What happened to Frank's parents? Like, Mr Miyagi Tanaka shows up and basically tells them that they are shitty parents and Frank needs his training (for real, that speech to his parents is suuuuper fucking condescending), and they're totally cool with him training with/being tortured by Tanaka. Then we never see or hear about his parents again.

 

Also, does he go live with Tanaka? Something about their whole relationship strikes me as weird. Like, I get that they were clearly trying to go for a Karate Kid-type thing where the wise mysterious Asian man teaches the All-American kid to be the best fighter (which is probably a conversation for another time). But in The Karate Kid, Daniel LaRusso was in high school. He has a certain level of independence because he's a bit older than young Frank seems to be (not to mention that his mother seems to be absent often because she's working to support him by herself).

 

But we don't get any of this from Frank's flashback.
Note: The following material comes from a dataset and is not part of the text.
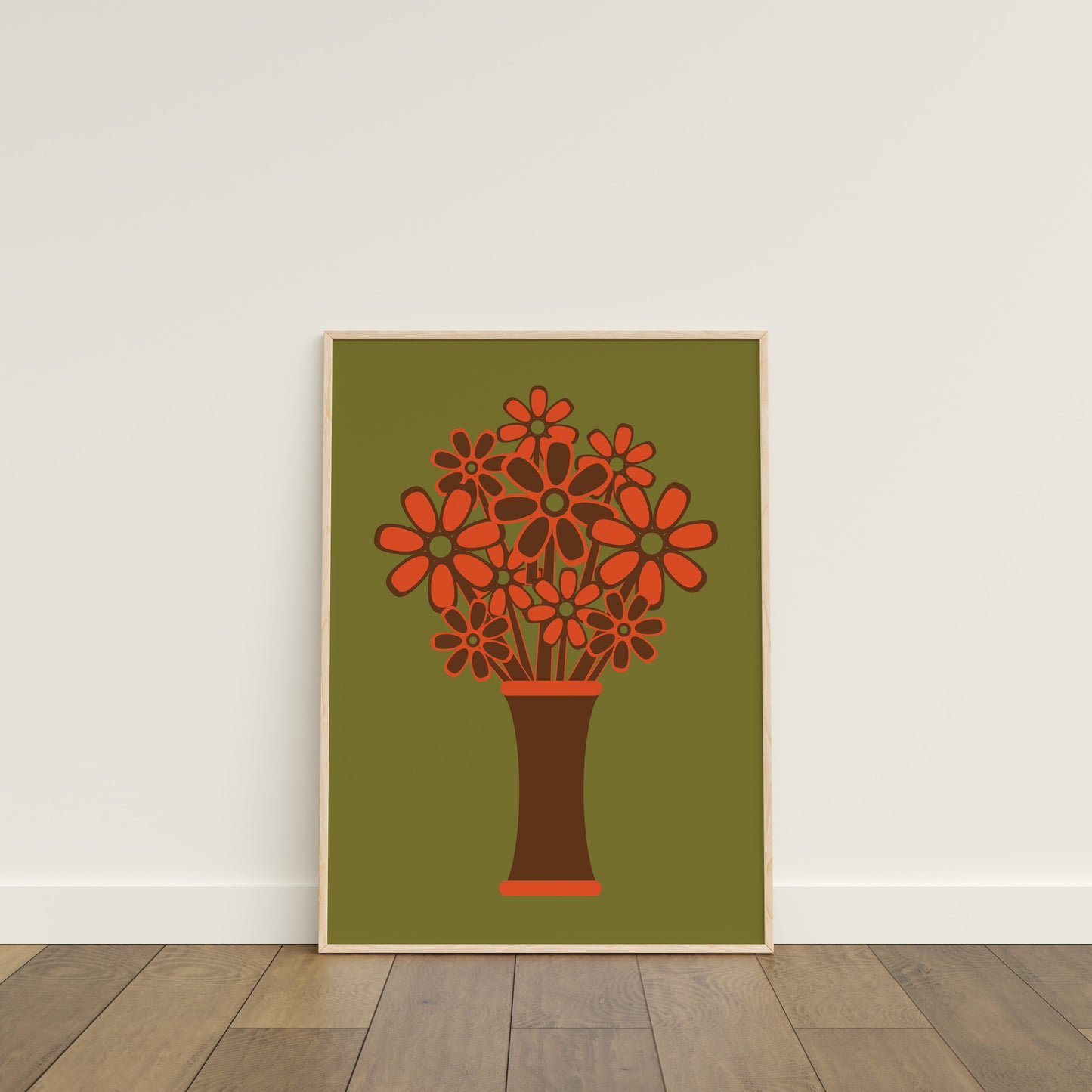 Brown Vase Orange Flowers Print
Literally all we get is that he breaks into a house and tries to steal a sword. Then Tanaka is like, "You can't steal a katana sword" - which, by the way, you totally fucking can - and then little Tanaka kicks him in the chest once, and he goes down hard. Then, because he doesn't flinch when Tanaka slices his hat, Tanaka's like, "Oh, you're a fighter."

 

Does Tanaka tell Frank's parents ANY of this when he talks to them? How would you even bring that up? "Oh, your son broke into my house and tried to steal my sword, but I stopped him, had my son kick his ass, and then I sliced the sword an inch from his fucking face just to see if he would react to it."

 

And if he didn't tell him what happened, how does he convince Frank's parents to let Frank be his son's practice dummy/his blind tea bitch?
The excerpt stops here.